“The wrong side of the river”: Expo ’88 and the Right to the City

Text of a talk I gave at the Right to the City/Brisbane Free Uni organised ‘More that Steel and Concrete’ event, held at the Bearded Lady on 31 May 2016


I was invited here tonight to give some thoughts on the history of struggles in West End and surrounds against over development. Just by way of introduction, I am a historian of social movements. I did a PhD a few years back at UQ, looking at Australian protest movements of the 1960s/70s and their global imagination and connections. Currently, I am writing a history of human rights discourse in Australia. What we call ‘Urban history’ figures large in my writing. I’m interested in how people imagine their city and construct meaning of it, particularly through what Henri Lefebvre, who coined the term ‘right to the city’, calls ‘producing spaces’ of opposition and contestation.

My comments will revolve around some documents I have looked at recently in the Fryer Library at UQ on opposition to Expo 88. In so doing, I want to explore what this opposition was, who was involved, what they wanted, and whether they can be seen to have succeeded in any meaningful way. But equally, I want to look at the experience of opposing Expo as a case study in how the past informs activism, and draw some general conclusions on what place ‘the past’ has in contemporary social movements – particularly the importance of historical memory but also the danger of what social scientists call ‘over-likeness’.

Leaflet, Fryer Library

So, first some context. It is said often that ‘the past is another country – they do things differently there’, and Brisbane in the 1980s was very different indeed.
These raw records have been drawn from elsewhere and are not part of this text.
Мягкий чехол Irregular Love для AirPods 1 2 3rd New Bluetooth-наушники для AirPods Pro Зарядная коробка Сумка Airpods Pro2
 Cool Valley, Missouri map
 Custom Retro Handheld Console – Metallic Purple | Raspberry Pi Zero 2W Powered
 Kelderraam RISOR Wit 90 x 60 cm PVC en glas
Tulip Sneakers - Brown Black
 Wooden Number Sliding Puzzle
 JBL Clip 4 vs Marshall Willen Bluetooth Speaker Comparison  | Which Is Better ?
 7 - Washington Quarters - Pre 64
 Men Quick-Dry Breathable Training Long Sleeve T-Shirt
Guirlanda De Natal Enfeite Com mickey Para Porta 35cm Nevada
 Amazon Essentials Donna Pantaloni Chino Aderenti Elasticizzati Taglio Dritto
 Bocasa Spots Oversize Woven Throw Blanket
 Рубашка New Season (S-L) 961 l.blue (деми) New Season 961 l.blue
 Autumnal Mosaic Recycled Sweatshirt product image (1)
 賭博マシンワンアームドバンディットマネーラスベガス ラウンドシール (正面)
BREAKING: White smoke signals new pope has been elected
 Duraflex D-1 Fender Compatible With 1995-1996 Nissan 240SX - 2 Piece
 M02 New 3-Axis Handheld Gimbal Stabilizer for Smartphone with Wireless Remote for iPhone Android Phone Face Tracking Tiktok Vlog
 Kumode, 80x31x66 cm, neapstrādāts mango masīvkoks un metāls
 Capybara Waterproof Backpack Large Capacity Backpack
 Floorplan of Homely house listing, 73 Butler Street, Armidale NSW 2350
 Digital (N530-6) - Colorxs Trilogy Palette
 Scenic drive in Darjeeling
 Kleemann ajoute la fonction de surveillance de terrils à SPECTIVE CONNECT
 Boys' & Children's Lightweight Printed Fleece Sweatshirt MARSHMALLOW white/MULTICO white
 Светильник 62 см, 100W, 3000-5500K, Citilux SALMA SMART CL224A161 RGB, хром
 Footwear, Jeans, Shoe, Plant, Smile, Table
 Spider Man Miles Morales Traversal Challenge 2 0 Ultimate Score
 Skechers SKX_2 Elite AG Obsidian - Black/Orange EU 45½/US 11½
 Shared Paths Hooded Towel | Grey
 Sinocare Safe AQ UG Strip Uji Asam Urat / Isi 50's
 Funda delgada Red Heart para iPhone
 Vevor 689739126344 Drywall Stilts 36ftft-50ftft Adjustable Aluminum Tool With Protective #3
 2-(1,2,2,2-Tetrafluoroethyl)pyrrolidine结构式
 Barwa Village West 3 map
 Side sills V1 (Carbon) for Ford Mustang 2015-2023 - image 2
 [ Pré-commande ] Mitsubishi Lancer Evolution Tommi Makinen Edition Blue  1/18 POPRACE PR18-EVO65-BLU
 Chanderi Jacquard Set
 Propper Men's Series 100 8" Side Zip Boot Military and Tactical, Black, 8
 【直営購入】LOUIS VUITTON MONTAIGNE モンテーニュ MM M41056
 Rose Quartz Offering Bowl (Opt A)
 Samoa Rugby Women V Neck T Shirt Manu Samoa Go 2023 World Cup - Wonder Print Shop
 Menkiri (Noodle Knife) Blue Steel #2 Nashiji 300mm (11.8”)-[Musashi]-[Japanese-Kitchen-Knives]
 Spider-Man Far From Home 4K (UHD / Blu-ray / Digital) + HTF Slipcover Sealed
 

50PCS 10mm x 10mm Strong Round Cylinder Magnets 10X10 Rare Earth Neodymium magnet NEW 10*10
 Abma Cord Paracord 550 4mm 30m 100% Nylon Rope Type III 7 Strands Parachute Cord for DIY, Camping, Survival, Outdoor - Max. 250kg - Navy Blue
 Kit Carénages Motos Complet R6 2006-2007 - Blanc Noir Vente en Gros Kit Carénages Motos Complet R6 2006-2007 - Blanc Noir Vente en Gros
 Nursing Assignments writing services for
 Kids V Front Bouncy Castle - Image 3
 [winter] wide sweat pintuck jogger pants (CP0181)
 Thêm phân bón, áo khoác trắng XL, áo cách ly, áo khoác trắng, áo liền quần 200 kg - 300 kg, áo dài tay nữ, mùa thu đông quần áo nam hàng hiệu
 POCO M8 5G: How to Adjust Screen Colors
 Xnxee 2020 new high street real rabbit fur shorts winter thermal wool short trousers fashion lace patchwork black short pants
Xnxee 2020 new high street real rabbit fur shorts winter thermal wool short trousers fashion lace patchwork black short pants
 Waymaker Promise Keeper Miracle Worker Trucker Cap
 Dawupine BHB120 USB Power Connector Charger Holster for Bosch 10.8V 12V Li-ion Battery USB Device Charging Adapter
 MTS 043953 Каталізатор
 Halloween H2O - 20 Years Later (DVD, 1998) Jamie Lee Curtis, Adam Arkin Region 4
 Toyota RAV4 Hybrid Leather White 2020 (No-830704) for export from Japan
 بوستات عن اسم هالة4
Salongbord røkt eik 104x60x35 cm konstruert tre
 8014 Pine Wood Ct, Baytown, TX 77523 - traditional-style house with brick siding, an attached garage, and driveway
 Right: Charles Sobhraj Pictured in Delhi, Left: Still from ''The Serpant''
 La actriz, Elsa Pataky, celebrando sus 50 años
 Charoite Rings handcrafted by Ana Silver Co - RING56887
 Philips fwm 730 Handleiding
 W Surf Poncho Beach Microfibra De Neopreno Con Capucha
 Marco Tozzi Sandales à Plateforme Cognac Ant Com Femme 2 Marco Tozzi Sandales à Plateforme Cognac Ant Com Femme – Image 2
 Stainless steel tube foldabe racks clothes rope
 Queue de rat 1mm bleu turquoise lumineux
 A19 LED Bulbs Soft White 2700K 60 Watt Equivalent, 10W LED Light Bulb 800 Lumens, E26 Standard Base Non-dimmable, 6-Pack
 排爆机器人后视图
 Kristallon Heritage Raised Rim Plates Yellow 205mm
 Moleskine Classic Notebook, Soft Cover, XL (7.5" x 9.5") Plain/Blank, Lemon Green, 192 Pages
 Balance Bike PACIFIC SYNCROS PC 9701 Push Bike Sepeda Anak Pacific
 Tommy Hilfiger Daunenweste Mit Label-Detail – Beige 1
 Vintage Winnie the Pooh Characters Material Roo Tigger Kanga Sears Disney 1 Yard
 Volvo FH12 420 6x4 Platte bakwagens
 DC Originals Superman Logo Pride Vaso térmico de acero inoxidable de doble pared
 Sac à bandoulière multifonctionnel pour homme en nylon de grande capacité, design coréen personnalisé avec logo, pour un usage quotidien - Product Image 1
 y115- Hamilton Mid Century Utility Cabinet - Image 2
It is well known that Queensland in the 1980s had reached a peak level of corruption, almost unbelievable. Cops took money from gangsters who operated ‘massage’ parlours, underground casinos, illegal bars and numerous other criminal ventures in exchange for protection, which then trickled up the police chain of command into the hands of chief of police, Terry Lewis and – though he was never convicted – almost certainly old Joh Bjelke-Petersen, Premier form 1968 to 1987. The most religiously pious of Australian states – Joh removed condom vending machines from UQ in 1986 – was also, perhaps inevitably, it’s most licentious and corrupt. Another side of this was urban development. There was no such thing as ‘heritage’ in 1980s Queensland – legislation wasn’t passed until 1993 – and the government wouldn’t let a building’s cultural value or who lived in it get in the way of development. Famously, the Bellevue hotel went down in 1979, but lesser buildings and suburbs also met with early morning visits from Joh’s demolition crew, the Deen Brothers, whose memorable slogan was “only the memories are left”.


This is all pretty well known. But what is less known is that a vibrant protest and counter-cultural movement thrived in Brisbane at the same time as all this was going on. Indigenous activists used Brisbane’s hosting of the Commonwealth Games in 1982 to bring international shame to the Queensland government. In 1985, the government took on workers at the South East Queensland Electricity Board (SEQEB) in an attempt, mirroring Thatcher in the UK’s moves against mining unions, to break a powerful union. The Cane Toad Times, a satirical, anti-government magazine, was published from 1983 until 1990, and really captured the pulse of the city, presenting Brisbane and Queensland to the rest of Australia.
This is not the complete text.